Catherine Clinton is the Denman Professor of American History  at the University of Texas at San Antonio. She specializes in American History, with an emphasis on the history of the South, the American Civil War, American women, and African American history.

Career

Clinton grew up in Kansas City, Missouri, where she graduated from the Sunset Hill School in 1969. Thereafter, she studied sociology and African-American History at Harvard University (Lowell House), graduating in 1973. Clinton received her Ph.D. from Princeton University in 1980, after completing her dissertation on under the direction of James M. McPherson.

She has held academic positions at numerous institutions of higher learning, including Union College, Harvard University, Brandeis University, Brown University, Wofford College, The University of Richmond, Wesleyan University, Baruch College of the City University of New York and The Citadel.

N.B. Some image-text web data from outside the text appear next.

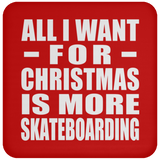 All I Want For Christmas Is More Skateboarding - Coaster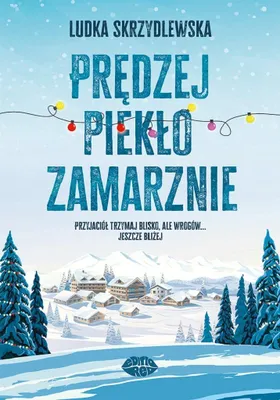 Immagine prodotto di Prędzej piekło zamarznie - Ludka Skrzydlewska, powieść obyczajowa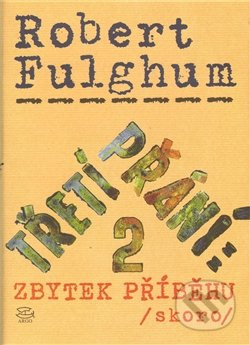 Třetí přání 2. (Zbytek příběhu (skoro)) - Robert Fulghum - kniha z kategorie Beletrie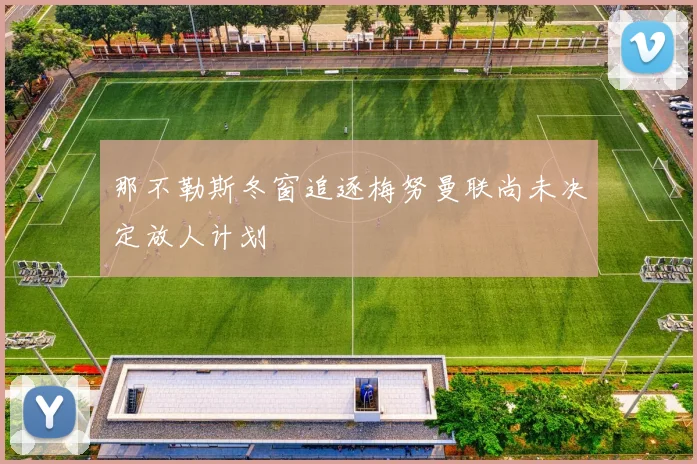 那不勒斯冬窗追逐梅努曼联尚未决定放人计划
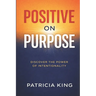Positive on Purpose: Discover the Power of Intentionality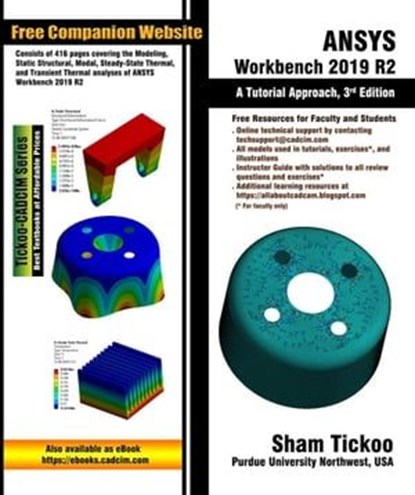 ANSYS Workbench 2019 R2: A Tutorial Approach, 3rd Edition, Sham Tickoo - Ebook - 9781640570788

She currently holds a chair in American History at UTSA.

She has written for the History Channel, consulted on projects for WGBH, and is a member of the Screen Writers Guild, and has authored, edited, co-authored or co-edited more than twenty-five  books to date. She is editor of a series titled VIEWPOINTS ON AMERICAN CULTURE (Oxford University Press).

She serves on the scholarly advisory board of both Ford's Theatre and the Lincoln Cottage, as well as the following journals: Civil War Times and CIVIL WAR HISTORY.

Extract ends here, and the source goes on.